Short descriptive text snippets
=======

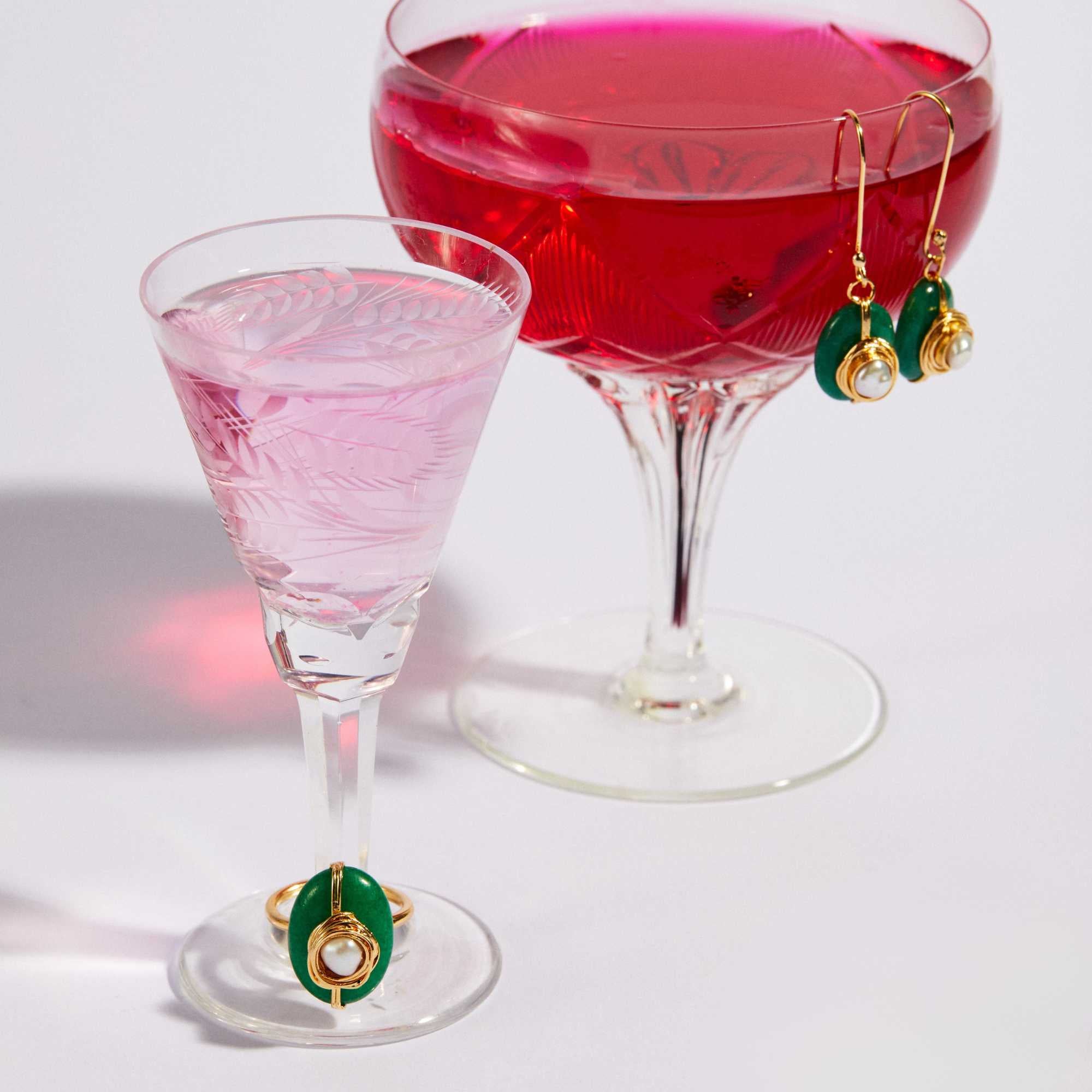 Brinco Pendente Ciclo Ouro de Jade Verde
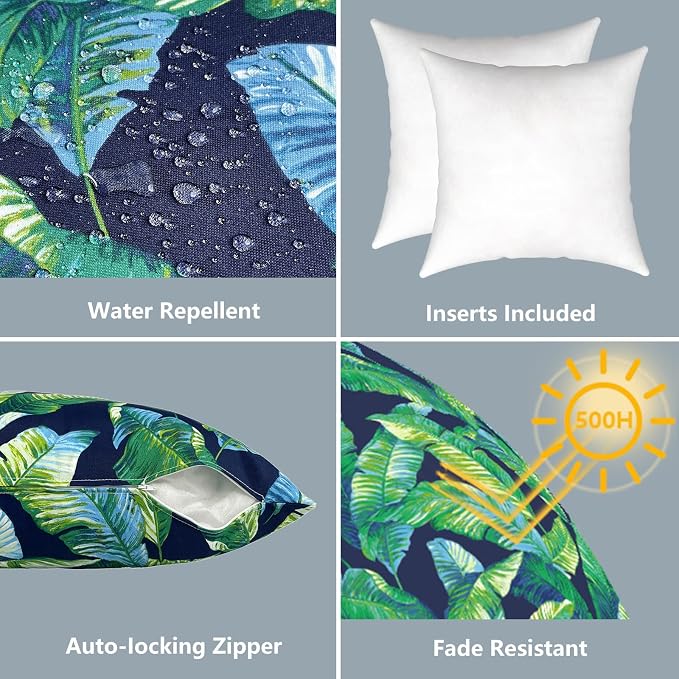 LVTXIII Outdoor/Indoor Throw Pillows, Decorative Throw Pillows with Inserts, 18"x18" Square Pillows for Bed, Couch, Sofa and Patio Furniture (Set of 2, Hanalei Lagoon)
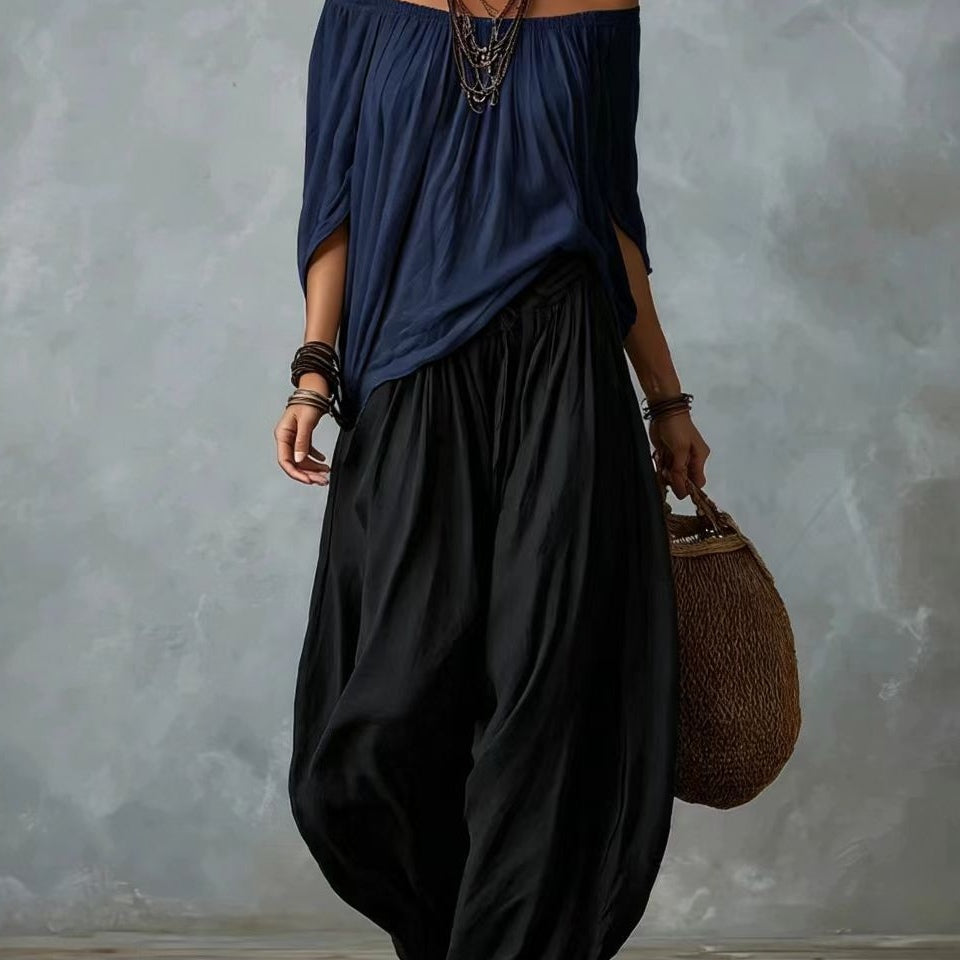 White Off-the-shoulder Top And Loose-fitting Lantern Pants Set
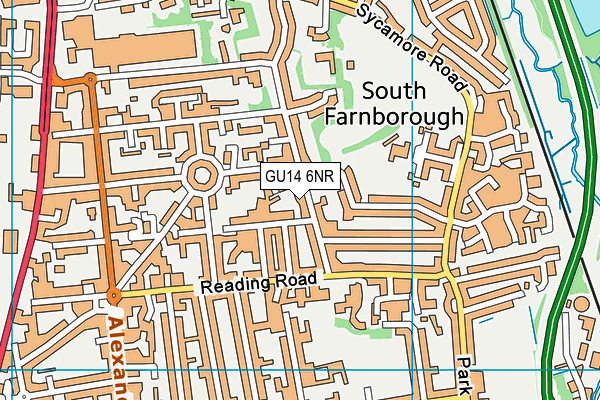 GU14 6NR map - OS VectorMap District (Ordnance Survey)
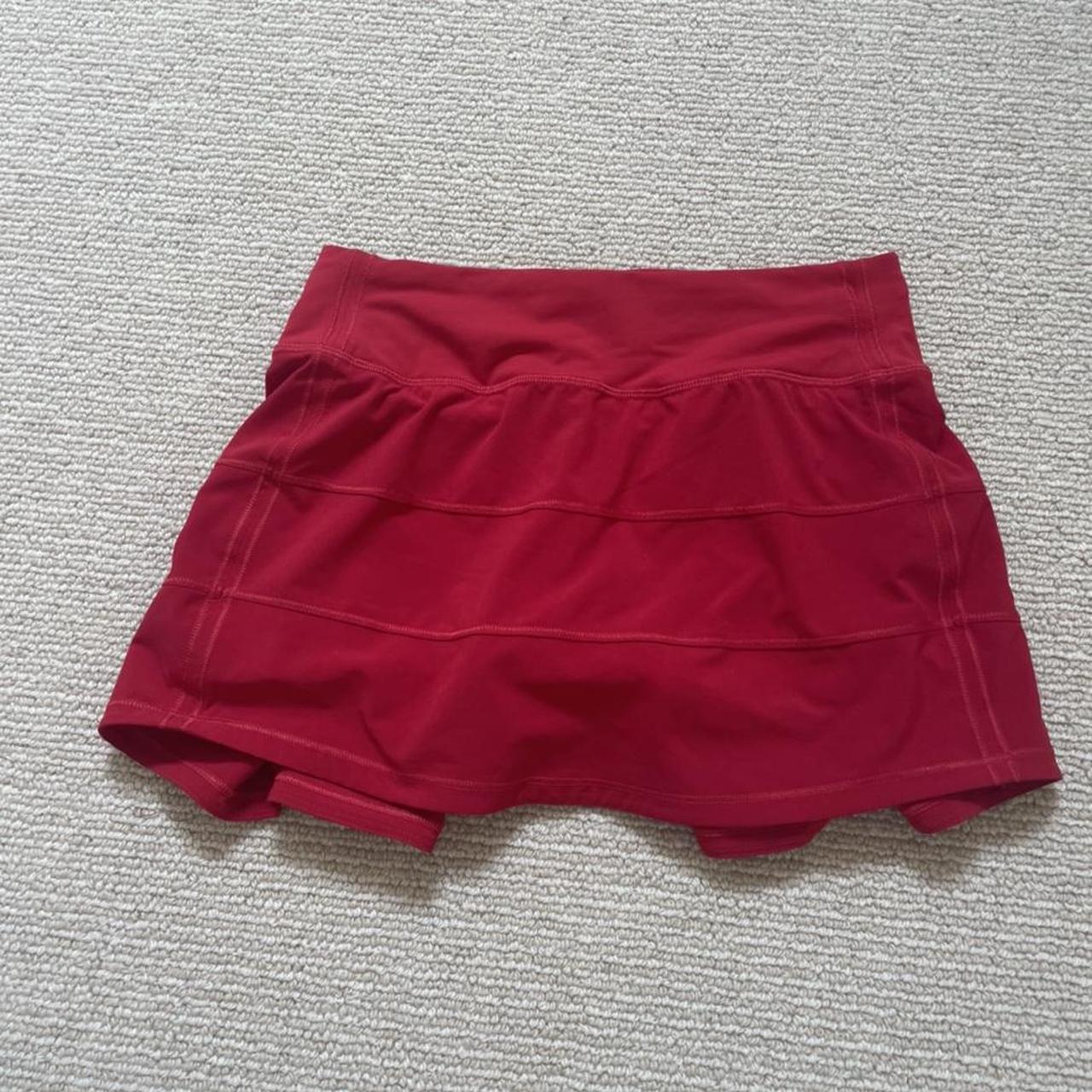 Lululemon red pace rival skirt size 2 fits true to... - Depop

=======

WHAT TO WORK ON - Omit the pictures and write out the remaining data exactly.

EXERCISE RESULT -
 Brinco Pendente Ciclo Ouro de Jade Verde
 LVTXIII Outdoor/Indoor Throw Pillows, Decorative Throw Pillows with Inserts, 18"x18" Square Pillows for Bed, Couch, Sofa and Patio Furniture (Set of 2, Hanalei Lagoon)
 White Off-the-shoulder Top And Loose-fitting Lantern Pants Set
 GU14 6NR map - OS VectorMap District (Ordnance Survey)
 Lululemon red pace rival skirt size 2 fits true to... - Depop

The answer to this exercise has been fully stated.